| Task directions |
Below is a listing. Return the lines from the one that contains "Crecimiento maxilofacial donald h. enlow pdf" to the one that contains "稀少 アンティーク 定額山 善光寺 一光三尊阿弥陀如来像 観音菩薩 紙本 掛軸", both ends included, verbatim and with no pictures.

| Data records |
*****
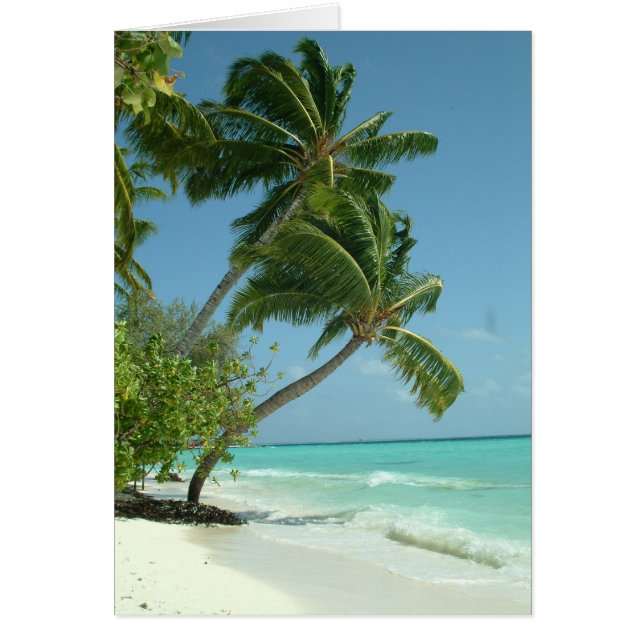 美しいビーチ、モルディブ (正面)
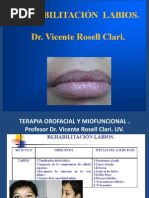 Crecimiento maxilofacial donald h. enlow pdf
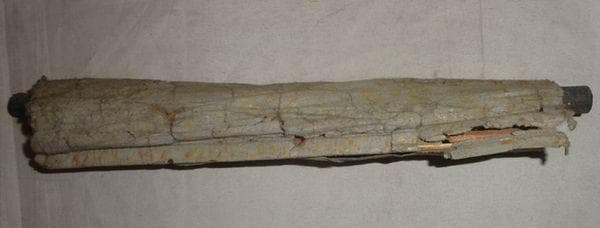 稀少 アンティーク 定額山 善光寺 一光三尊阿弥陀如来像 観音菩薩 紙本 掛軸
*****
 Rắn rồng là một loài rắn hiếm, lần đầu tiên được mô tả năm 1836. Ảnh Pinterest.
*****
| Answer to the exercise |
 Crecimiento maxilofacial donald h. enlow pdf
 稀少 アンティーク 定額山 善光寺 一光三尊阿弥陀如来像 観音菩薩 紙本 掛軸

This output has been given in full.